Notebook

In [ ]:

#|hide
#| eval: false
! [ -e /content ] && pip install -Uqq fastai  # upgrade fastai on colab

--- skip_exec: true ---

In [ ]:

#|export
from __future__ import annotations
import tempfile
from fastai.basics import *
from fastai.learner import Callback

In [ ]:

#|hide
from nbdev.showdoc import *

In [ ]:

#|default_exp callback.neptune

Neptune.ai¶

Integration with neptune.ai.

Track fastai experiments like in this example project.

Registration¶

Create account: neptune.ai/register.
Export API token to the environment variable (more help here). In your terminal run:

export NEPTUNE_API_TOKEN='YOUR_LONG_API_TOKEN'

or append the command above to your ~/.bashrc or ~/.bash_profile files (recommended). More help is here.

Installation¶

You need to install neptune-client. In your terminal run:

pip install neptune-client

or (alternative installation using conda). In your terminal run:

conda install neptune-client -c conda-forge

Install psutil to see hardware monitoring charts:

pip install psutil

How to use?¶

Key is to call neptune.init() before you create Learner() and call neptune_create_experiment(), before you fit the model.

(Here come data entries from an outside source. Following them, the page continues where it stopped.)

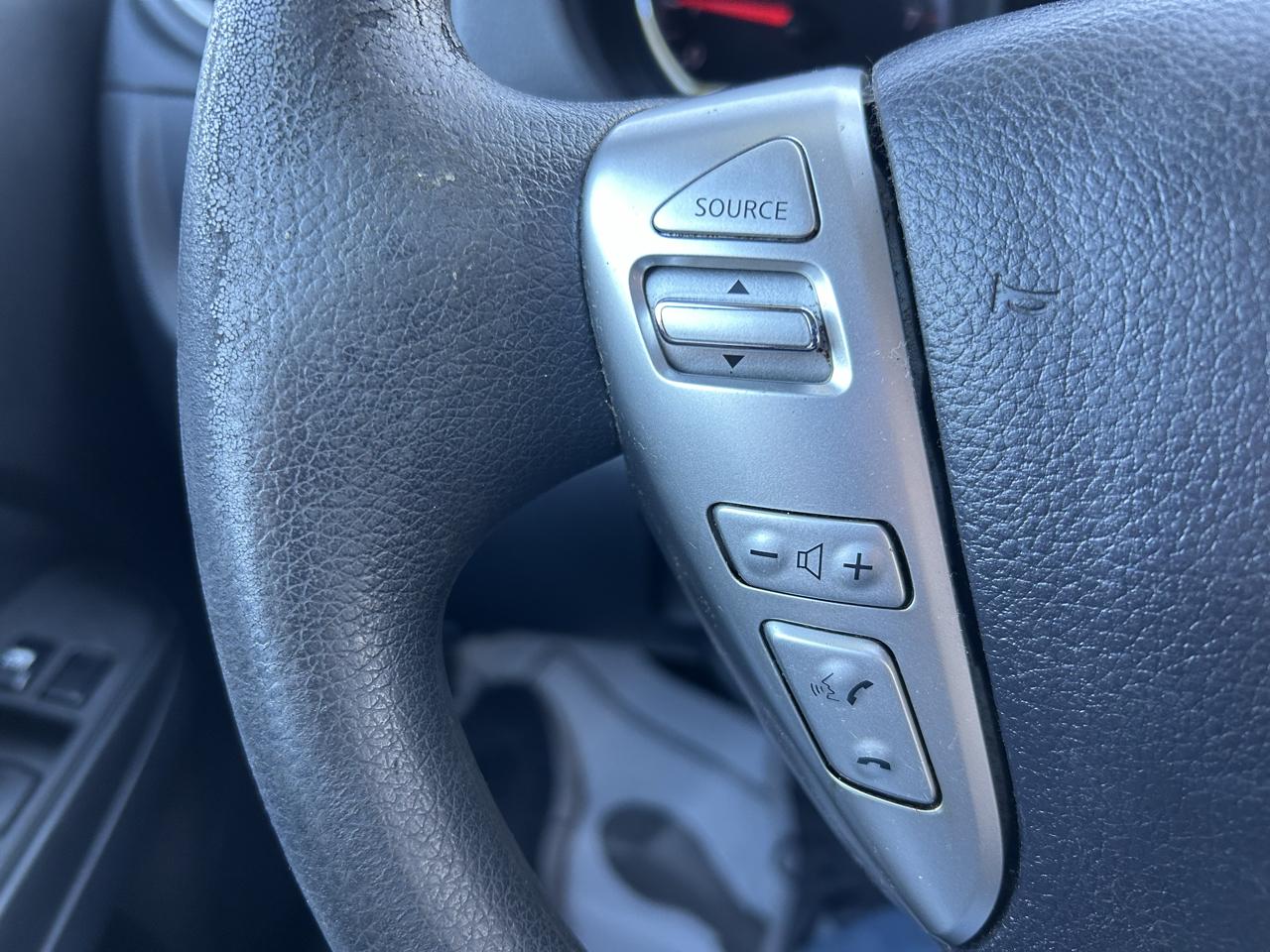 Nissan Versa 4dr Sdn CVT 1.6 S Plus 2016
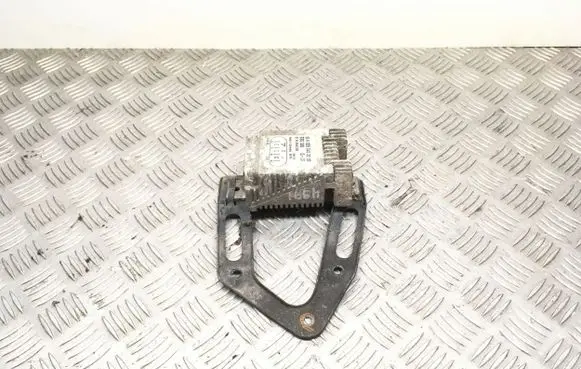 Mercedes-Benz A W169 Coolant fan relay A0255453232 ESG300 898940000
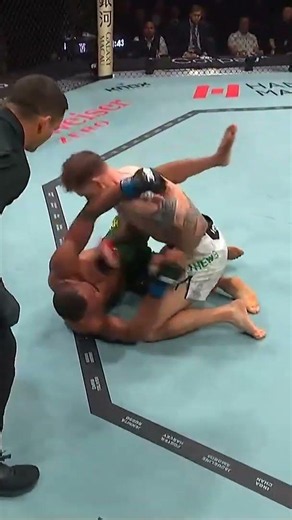 Jake Mathews almost folded his opponent! 🤯 #UFCMacau #UFC #UFCIndia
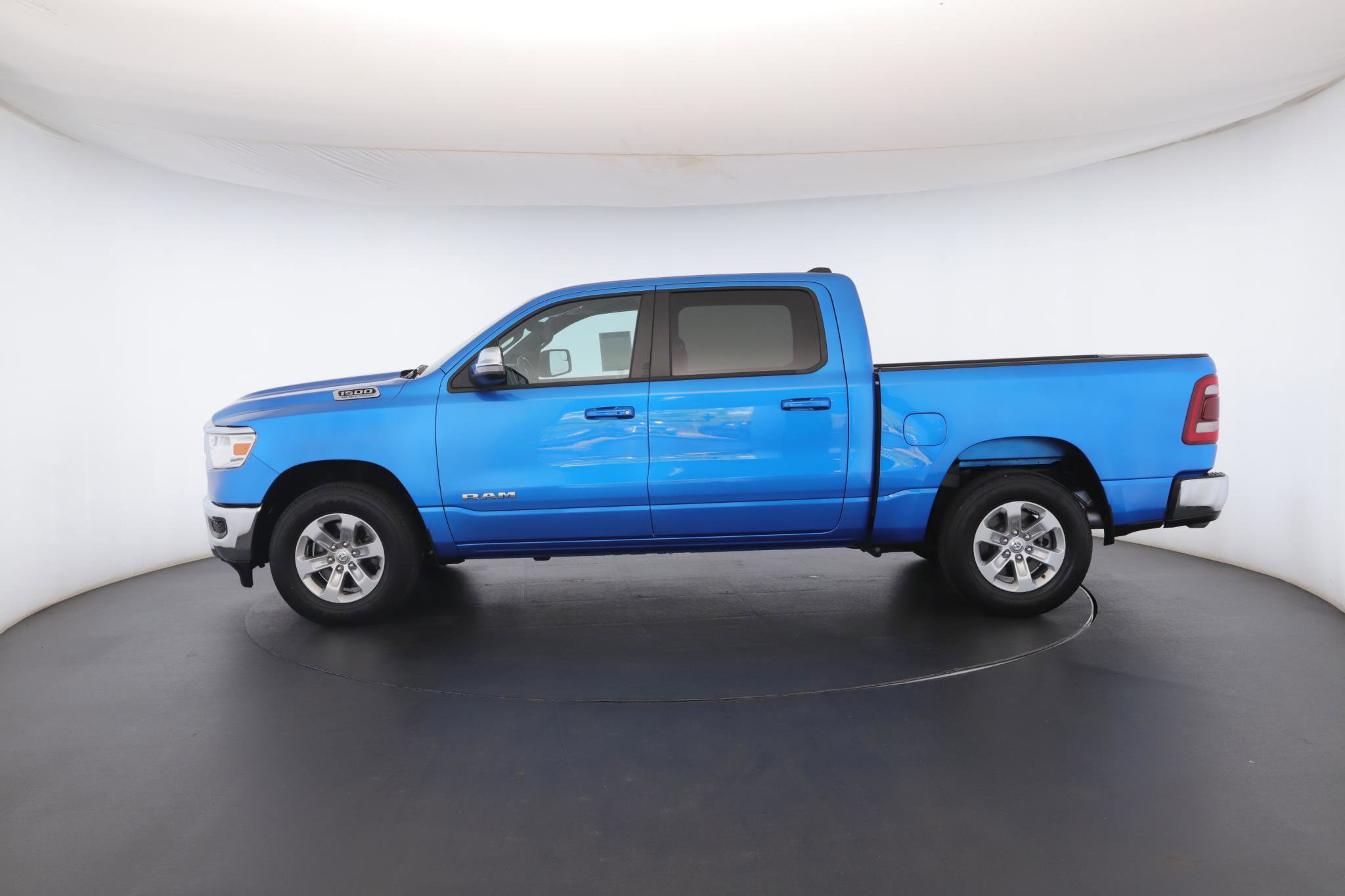 Used 2024 RAM 1500 Laramie AWD/4WD image 20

Use NeptuneCallback in your Learner, like this:

from fastai.callback.neptune import NeptuneCallback

neptune.init('USERNAME/PROJECT_NAME')  # specify project

learn = Learner(dls, model,
                cbs=NeptuneCallback()
                )

neptune.create_experiment()  # start experiment
learn.fit_one_cycle(1)

In [ ]:

#|export
import neptune

In [ ]:

#|export
class NeptuneCallback(Callback):
    "Log losses, metrics, model weights, model architecture summary to neptune"
    order = Recorder.order+1
    def __init__(self, log_model_weights=True, keep_experiment_running=False):
        self.log_model_weights = log_model_weights
        self.keep_experiment_running = keep_experiment_running
        self.experiment = None

        if neptune.project is None:
            raise ValueError('You did not initialize project in neptune.\n',
                             'Please invoke `neptune.init("USERNAME/PROJECT_NAME")` before this callback.')

    def before_fit(self):
        try:
            self.experiment = neptune.get_experiment()
        except ValueError:
            print('No active experiment. Please invoke `neptune.create_experiment()` before this callback.')

        try:
            self.experiment.set_property('n_epoch', str(self.learn.n_epoch))
            self.experiment.set_property('model_class', str(type(self.learn.model)))
        except: print(f'Did not log all properties. Check properties in the {neptune.get_experiment()}.')

        try:
            with tempfile.NamedTemporaryFile(mode='w') as f:
                with open(f.name, 'w') as g: g.write(repr(self.learn.model))
                self.experiment.log_artifact(f.name, 'model_summary.txt')
        except: print('Did not log model summary. Check if your model is PyTorch model.')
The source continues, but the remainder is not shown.